Mozal cresce, o país empobrece: Empresa admite operar há 27 anos num "mar" de isenções fiscais acordadas com o Estado
Num contexto de crise económica crescente e promessas de reformas estruturais, a Mozal, a maior fundição de alumínio primário em África e uma das mais lucrativas empresas a operar em Moçambique, admitiu que beneficia de isenções fiscais, ao abrigo de um acordo celebrado com o Estado em 1998. A revelação surge numa altura em que o Presidente da República, Daniel Chapo, promete rever os contratos com megaprojectos para garantir uma contribuição justa das grandes corporações para o desenvolvimento nacional.

Em entrevista à TORRE.News, durante uma actividade de responsabilidade social, o presidente da Mozal, Samuel Samo Gudo, rejeitou as acusações de evasão fiscal, mas reconheceu que a empresa usufrui de benefícios estabelecidos no contrato original com o então Governo liderado por Joaquim Chissano. “Como megaprojecto, temos benefícios fiscais. Temos este e aquele benefício, mas dentro daquilo que é a nossa obrigação no âmbito do acordo com o Governo, estamos a cumprir e continuaremos a cumprir”, afirmou.
Embora sem especificar os benefícios em causa, presume-se que estes incluam isenções do Imposto sobre o Rendimento das Pessoas Colectivas (IRPC), do Imposto sobre o Valor Acrescentado (IVA), bem como do pagamento de Royalties pela exploração de recursos. As isenções num país onde mais de metade da população vive na pobreza contrastam com os resultados financeiros da Mozal, que exporta anualmente cerca de 600 mil toneladas de alumínio, mantendo apenas 50 mil toneladas para consumo interno, sobretudo para a produção de cabos eléctricos usados pela EDM.
Confrontado com as críticas sobre o regime fiscal da empresa, Samo Gudo escusou-se a abordar directamente a questão, preferindo sublinhar o “efeito multiplicador” da Mozal na atracção de investimento nacional e estrangeiro, sobretudo no Parque Industrial de Beluluane.

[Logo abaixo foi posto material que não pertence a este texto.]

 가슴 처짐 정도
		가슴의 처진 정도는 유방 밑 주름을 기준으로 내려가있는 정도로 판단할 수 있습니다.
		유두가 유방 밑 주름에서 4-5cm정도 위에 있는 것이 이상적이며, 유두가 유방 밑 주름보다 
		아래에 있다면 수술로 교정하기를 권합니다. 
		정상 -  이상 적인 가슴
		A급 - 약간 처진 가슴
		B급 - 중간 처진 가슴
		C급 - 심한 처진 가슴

No entanto, esse mesmo argumento foi usado em 1998, quando o país ainda dava os primeiros passos para atrair grandes investimentos uma realidade muito diferente da actual, que exige renegociação dos termos contratuais para beneficiar efectivamente o Estado.
Reconhecendo essa necessidade, o Presidente Daniel Chapo criou o Gabinete de Reformas e Projectos Estruturantes, uma unidade sob tutela directa da Presidência da República, com a missão de reavaliar os grandes empreendimentos económicos e assegurar que estes gerem retorno efectivo para o país. “Esta nova unidade deve fazer diferença pelo seu contributo na elevação dos ganhos e benefícios que o Estado e a nossa população passarão a ter. A sua principal missão é prestar apoio directo ao Presidente da República em matérias de reformas institucionais, políticas públicas e desenvolvimento, com enfoque em projectos estratégicos”, afirmou o Chefe de Estado ao empossar João Machatine como coordenador do gabinete.

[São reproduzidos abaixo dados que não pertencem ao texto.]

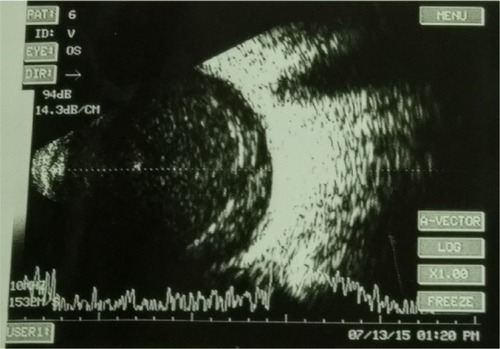 Figure 1 Diffuse vitreous opacity at the time of admission.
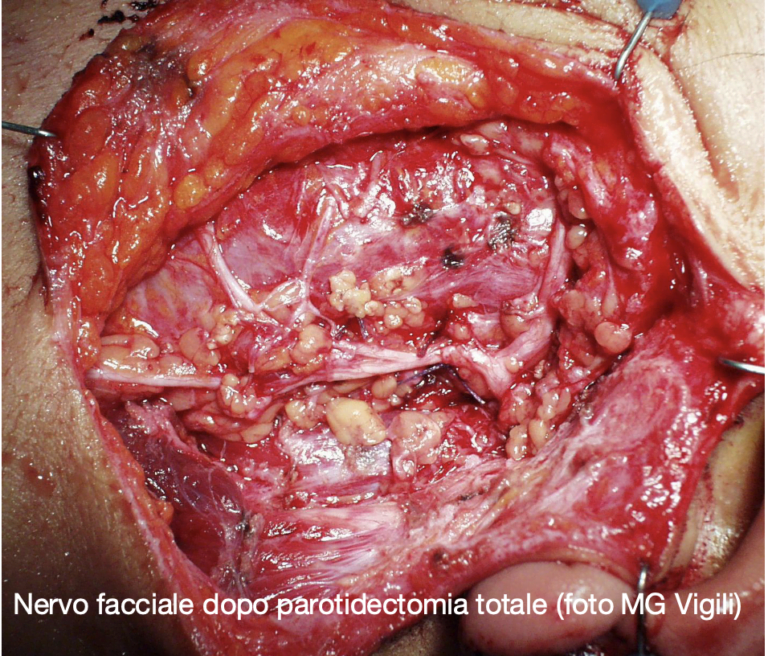 Epidemiologia dei tumori delle ghiandole salivari maggiori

A Mozal, que tem apresentado uma performance industrial ao nível das melhores fundições do mundo, diz ter investido 3,2 milhões de dólares norte-americanos em projectos comunitários e gasto 136,9 milhões de dólares na aquisição de bens e serviços a empresas moçambicanas, especialmente as sediadas no Parque Industrial de Beluluane.
Contudo, esses valores continuam a ser vistos como marginais face aos benefícios fiscais de que a empresa usufrui e à ausência de contrapartidas fiscais significativas. No centro do debate está a pergunta: como pode um país que clama por justiça social e redistribuição equitativa da riqueza continuar a sustentar acordos que, na prática, blindam as grandes multinacionais de responsabilidades fiscais reais?
A resposta poderá marcar o início de uma nova era de governação económica ou perpetuar o modelo que permite que megaprojectos prosperem à margem das necessidades da maioria dos moçambicanos.